Optimal error estimates of Galerkin finite element methods for stochastic Allen-Cahn equation with additive noise

TL;DR

This paper develops a novel error analysis approach for finite element methods solving the stochastic Allen-Cahn equation with additive noise, achieving optimal convergence rates without high regularity assumptions.

Contribution

It introduces an original error decomposition method that handles non-globally Lipschitz nonlinearities, establishing convergence rates for semi-discrete and fully discrete schemes in multiple dimensions.

Findings

Convergence rate of order O(h^γ) in space and O(τ^{γ/2}) in time under noise regularity conditions.

Classical convergence rate of O(h^2 + τ) achieved when noise regularity condition with γ=2 holds.

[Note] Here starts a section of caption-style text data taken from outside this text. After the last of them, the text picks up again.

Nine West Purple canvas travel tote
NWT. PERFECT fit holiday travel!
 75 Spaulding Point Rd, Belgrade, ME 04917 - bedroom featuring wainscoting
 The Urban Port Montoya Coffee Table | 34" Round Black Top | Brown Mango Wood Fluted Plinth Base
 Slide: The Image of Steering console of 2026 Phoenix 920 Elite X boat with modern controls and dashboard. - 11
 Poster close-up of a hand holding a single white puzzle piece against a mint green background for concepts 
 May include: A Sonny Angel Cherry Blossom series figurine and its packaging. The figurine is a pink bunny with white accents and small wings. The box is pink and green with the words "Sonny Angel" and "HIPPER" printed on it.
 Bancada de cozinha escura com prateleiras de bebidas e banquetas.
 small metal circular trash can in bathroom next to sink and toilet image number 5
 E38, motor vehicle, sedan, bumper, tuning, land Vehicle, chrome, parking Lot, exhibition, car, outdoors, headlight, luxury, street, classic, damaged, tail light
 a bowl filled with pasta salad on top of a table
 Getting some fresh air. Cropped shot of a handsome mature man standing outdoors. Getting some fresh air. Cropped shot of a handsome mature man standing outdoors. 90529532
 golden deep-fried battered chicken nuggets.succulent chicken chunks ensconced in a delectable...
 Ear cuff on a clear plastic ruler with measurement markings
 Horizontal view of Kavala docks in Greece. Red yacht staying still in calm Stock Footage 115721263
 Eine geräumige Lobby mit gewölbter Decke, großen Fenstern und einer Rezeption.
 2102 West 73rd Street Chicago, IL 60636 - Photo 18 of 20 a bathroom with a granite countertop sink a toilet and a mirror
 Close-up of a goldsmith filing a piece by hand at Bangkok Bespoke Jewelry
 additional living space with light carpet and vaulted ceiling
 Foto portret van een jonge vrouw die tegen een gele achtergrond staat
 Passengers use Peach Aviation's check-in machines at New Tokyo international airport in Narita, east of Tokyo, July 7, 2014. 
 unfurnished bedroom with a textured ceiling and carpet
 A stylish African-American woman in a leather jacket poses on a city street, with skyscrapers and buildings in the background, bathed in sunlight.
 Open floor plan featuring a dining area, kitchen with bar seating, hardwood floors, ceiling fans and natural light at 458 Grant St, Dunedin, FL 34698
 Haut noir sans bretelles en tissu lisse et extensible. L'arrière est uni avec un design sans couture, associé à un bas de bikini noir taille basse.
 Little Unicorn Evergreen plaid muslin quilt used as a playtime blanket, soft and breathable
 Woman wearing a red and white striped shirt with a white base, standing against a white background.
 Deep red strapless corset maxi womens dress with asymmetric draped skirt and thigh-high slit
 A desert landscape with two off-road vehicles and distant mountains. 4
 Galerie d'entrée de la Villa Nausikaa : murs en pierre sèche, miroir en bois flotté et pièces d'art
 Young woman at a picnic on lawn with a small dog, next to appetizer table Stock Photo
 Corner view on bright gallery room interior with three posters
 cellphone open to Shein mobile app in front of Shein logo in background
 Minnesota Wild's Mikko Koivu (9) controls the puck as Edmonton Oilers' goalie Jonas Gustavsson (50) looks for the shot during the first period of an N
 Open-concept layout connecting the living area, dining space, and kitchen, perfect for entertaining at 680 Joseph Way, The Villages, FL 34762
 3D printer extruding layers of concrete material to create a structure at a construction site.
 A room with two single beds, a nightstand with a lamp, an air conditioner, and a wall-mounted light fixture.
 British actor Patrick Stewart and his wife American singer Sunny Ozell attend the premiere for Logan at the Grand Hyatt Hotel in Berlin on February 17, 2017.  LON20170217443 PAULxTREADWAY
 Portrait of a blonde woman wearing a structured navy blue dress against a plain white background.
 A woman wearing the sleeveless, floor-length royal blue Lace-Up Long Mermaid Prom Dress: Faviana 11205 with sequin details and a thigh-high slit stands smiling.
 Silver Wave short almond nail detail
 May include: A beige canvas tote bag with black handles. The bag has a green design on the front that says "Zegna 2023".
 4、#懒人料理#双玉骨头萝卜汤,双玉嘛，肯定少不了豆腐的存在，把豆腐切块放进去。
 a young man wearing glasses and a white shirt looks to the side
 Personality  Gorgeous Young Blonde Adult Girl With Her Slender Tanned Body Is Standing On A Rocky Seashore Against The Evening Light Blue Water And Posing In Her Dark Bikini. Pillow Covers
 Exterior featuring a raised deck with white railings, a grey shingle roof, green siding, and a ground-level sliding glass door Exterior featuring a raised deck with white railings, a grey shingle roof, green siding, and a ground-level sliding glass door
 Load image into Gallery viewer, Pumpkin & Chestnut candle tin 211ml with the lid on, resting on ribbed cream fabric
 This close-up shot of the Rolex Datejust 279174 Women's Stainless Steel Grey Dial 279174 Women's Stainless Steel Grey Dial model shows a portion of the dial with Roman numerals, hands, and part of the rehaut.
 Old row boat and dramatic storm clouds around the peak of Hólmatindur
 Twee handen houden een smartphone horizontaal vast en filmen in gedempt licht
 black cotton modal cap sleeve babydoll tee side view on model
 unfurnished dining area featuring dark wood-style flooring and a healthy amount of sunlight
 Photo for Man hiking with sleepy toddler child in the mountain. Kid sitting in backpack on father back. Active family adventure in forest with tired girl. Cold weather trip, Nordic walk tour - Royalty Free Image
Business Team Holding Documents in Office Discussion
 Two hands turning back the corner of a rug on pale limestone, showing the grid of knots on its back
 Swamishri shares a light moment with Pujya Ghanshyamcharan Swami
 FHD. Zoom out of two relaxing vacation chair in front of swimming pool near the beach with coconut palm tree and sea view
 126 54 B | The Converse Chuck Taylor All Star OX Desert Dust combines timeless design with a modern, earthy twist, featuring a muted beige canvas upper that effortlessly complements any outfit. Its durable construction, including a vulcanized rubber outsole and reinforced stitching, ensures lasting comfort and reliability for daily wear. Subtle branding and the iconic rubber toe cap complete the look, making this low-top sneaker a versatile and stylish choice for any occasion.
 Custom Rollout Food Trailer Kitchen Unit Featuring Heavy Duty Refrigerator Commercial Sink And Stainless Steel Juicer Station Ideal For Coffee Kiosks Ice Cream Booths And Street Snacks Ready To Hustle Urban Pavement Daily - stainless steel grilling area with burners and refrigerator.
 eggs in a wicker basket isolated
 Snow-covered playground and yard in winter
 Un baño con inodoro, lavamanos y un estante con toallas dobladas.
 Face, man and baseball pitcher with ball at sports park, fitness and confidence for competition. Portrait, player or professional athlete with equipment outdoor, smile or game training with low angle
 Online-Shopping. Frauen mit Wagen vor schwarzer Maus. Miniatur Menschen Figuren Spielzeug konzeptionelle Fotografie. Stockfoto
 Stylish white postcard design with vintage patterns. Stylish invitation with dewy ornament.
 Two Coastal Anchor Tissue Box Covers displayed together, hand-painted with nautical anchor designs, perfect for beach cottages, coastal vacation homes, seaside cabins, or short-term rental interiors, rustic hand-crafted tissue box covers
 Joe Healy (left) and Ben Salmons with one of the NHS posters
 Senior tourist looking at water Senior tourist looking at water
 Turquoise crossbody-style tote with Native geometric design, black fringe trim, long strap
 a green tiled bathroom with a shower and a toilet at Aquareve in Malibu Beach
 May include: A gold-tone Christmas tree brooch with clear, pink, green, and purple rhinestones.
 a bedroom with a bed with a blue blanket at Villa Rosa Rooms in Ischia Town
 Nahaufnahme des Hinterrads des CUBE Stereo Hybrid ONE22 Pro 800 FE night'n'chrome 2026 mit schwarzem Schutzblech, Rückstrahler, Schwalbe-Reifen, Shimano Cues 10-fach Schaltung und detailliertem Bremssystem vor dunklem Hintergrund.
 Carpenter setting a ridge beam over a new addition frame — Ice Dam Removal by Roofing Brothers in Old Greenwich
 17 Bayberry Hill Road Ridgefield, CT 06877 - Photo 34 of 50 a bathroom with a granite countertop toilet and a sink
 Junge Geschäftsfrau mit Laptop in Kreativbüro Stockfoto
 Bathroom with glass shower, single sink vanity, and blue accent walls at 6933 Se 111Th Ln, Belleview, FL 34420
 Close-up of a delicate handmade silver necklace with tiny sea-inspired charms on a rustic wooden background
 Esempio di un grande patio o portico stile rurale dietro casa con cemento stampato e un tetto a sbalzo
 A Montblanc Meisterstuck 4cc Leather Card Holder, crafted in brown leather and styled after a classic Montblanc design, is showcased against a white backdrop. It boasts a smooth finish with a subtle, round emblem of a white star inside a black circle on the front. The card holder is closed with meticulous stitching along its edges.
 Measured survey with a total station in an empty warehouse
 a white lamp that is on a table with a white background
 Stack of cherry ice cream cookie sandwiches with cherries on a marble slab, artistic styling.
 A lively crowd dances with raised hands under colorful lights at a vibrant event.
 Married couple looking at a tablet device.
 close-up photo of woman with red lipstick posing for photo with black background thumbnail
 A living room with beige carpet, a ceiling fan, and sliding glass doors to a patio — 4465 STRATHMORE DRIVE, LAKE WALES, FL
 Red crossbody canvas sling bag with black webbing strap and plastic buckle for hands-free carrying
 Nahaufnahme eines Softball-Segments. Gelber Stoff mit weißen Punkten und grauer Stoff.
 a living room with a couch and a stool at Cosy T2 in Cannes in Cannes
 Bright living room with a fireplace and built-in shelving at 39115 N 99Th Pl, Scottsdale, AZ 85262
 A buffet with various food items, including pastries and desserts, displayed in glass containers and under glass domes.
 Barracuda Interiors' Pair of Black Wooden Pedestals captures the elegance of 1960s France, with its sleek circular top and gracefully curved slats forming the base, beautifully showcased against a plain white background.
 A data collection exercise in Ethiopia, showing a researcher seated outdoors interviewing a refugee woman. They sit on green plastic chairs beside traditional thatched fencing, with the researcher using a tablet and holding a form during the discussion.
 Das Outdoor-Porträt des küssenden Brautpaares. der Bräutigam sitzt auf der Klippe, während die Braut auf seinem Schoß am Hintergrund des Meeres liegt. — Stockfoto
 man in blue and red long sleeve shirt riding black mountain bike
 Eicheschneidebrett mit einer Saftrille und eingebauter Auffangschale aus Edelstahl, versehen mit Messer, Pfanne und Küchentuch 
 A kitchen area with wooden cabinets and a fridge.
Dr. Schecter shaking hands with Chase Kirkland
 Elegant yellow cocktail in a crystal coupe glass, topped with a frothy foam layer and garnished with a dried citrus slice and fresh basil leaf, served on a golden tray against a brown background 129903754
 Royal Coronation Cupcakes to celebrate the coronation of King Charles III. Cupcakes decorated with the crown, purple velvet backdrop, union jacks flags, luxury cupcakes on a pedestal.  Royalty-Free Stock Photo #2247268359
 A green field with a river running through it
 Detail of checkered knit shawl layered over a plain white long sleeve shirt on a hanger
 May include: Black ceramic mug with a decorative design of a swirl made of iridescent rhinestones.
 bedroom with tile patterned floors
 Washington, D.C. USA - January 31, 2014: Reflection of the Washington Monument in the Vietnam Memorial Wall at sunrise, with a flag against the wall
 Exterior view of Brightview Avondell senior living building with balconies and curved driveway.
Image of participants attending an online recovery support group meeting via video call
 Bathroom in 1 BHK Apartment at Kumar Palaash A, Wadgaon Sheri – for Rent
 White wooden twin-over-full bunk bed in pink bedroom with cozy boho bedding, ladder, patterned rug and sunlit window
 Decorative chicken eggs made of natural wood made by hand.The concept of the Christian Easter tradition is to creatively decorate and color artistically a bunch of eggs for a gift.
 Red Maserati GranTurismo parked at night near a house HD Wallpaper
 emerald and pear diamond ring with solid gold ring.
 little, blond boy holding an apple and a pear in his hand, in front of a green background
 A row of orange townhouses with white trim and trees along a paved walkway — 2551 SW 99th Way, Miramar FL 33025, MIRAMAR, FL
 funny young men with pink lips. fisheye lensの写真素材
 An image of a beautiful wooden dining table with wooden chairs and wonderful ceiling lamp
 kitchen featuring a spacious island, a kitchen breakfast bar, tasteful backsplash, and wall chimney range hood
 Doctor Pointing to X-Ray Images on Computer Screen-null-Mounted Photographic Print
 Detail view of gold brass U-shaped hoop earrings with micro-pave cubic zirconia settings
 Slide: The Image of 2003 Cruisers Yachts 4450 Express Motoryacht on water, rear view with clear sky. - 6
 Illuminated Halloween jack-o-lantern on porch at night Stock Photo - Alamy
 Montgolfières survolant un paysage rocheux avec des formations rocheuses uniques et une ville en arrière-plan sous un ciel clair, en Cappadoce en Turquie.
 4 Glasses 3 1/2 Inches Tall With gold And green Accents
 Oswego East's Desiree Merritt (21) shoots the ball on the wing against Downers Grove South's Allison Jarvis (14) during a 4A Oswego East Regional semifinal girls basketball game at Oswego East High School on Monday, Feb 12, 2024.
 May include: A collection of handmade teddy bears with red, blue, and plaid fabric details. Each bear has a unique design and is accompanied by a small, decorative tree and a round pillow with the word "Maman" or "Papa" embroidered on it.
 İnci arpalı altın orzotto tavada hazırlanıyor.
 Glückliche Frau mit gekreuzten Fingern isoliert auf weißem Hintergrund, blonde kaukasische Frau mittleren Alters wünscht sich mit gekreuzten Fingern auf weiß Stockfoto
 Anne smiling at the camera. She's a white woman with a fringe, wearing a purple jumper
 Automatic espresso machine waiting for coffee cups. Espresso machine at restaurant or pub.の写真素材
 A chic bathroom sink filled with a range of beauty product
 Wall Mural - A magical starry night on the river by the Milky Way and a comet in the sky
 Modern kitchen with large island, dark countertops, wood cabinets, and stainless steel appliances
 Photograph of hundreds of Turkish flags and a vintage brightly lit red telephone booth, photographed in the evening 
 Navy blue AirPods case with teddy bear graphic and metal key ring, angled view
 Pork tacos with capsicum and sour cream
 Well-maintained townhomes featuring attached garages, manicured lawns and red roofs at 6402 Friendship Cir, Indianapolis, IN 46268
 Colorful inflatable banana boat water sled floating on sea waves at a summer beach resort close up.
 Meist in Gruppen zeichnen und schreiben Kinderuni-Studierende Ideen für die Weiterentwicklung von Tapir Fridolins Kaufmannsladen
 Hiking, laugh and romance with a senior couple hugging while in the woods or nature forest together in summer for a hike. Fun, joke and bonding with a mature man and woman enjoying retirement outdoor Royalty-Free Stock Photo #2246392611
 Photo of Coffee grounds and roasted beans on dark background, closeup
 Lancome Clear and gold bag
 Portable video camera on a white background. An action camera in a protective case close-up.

Numerical experiments validate the theoretical error estimates.

Abstract

Strong approximation errors of both finite element semi-discretization and spatio-temporal full discretization are analyzed for the stochastic Allen-Cahn equation driven by additive noise in space dimension $d \leq 3$. The full discretization is realized by combining the standard finite element method with the backward Euler time-stepping scheme. Distinct from the globally Lipschitz setting, the error analysis becomes rather challenging and demanding, due to the presence of the cubic nonlinearity in the underlying model. By introducing two auxiliary approximation processes, we propose an appropriate decomposition of the considered error terms and introduce a novel approach of error analysis, to successfully recover the convergence rates of the numerical schemes. The approach is original and does not rely on high-order spatial regularity properties of the approximation processes. It is shown that the fully discrete scheme possesses convergence rates of order $ O(h^{\gamma} ) $ in space and order $ O( \tau^{ \frac{\gamma}{2} } )$ in time, subject to the spatial correlation of the noise process, characterized by $ \|A^{\frac{\gamma-1}2}Q^{\frac12}\|_{\mathcal{L}_2}<\infty, \, \gamma \in[\frac d3,2] $, $ d\in\{1,2,3\}$. In particular, a classical convergence rate of order $O(h^2 +\tau)$ is reachable, even in multiple space dimensions, when the aforementioned condition is fulfilled with $ \gamma = 2 $. Numerical examples confirm the previous findings.